2. Par un acte d'engagement du 18 avril 2018, l'office public de l'habitat des communes de l'Oise a confié à la société Koné les travaux de remplacement de portes palières automatiques sur quatre ascenseurs et le remplacement complet d'un ascenseur. La société Koné a adressé au maître d'ouvrage et au maître d'oeuvre, respectivement les 19 octobre et 21 octobre 2019, sa demande de paiement final et, faute de réponse à l'issue d'un délai de trente jours, a notifié au maître d'ouvrage un projet de décompte général signé. En l'absence de réponse de ce dernier dans le délai de dix jours prévu à l'article 13.4.4 du cahier des clauses administratives générales applicables aux marchés publics de travaux, la société Koné se prévaut de l'existence d'un décompte général et définitif né tacitement en application des stipulations de ce même cahier des clauses administratives générales. Elle a alors demandé au juge des référés du tribunal administratif d'Amiens de condamner l'office public de l'habitat des communes de l'Oise à lui verser une somme de 69 236,48 euros toutes taxes comprises, assortie des intérêts moratoires et de l'indemnité forfaitaire pour frais de recouvrement. La société Koné relève appel de l'ordonnance du 14 octobre 2020 par laquelle le juge des référés du tribunal administratif d'Amiens a rejeté sa demande.

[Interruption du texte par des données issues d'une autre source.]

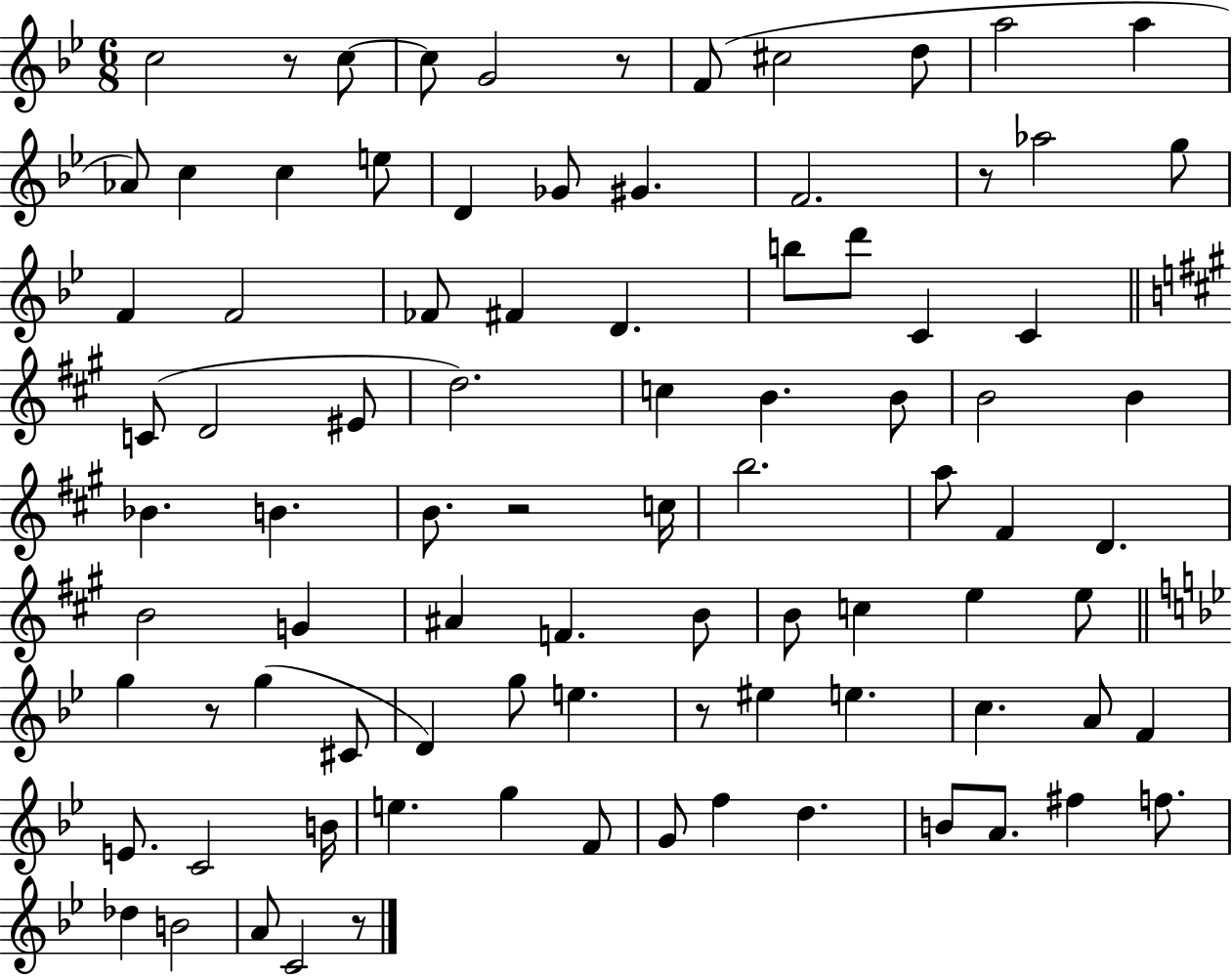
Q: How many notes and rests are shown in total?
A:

Sur la régularité de l'ordonnance attaquée :
3. Pour rejeter la demande de provision de la société Koné, le juge des référés du tribunal administratif d'Amiens s'est fondé sur la circonstance que le projet de décompte final ne pouvait, avoir fait courir, en l'état de l'instruction, le délai de trente jours prévu par l'article 13.4.2 du cahier des clauses administratives générales applicables aux marchés publics de travaux au motif qu'il ne contenait pas suffisamment d'éléments permettant d'établir et de justifier le montant en application des stipulations des articles 13.3 et 13.1.3 du même cahier des clauses administratives générales. Toutefois, il ne ressort pas des pièces du dossier de première instance qu'un tel moyen remettant en cause le contenu du projet de décompte final aurait été soulevé par l'office public de l'habitat des communes de l'Oise, qui soutenait seulement que le juge des référés, saisi d'une demande de provision, ne pouvait être le tribunal compétent au sens des stipulations de l'article 13.4.2 du cahier des clauses administratives générales applicables aux marchés publics de travaux dans sa version antérieure au 1er avril 2014 et l'absence de mise en demeure préalable d'établir le décompte général du marché. Dès lors, en relevant d'office ce moyen qui n'était pas d'ordre public pour rejeter la demande de provision, le juge des référés du tribunal administratif d'Amiens a entaché d'irrégularité son ordonnance qui doit, par suite, être annulée.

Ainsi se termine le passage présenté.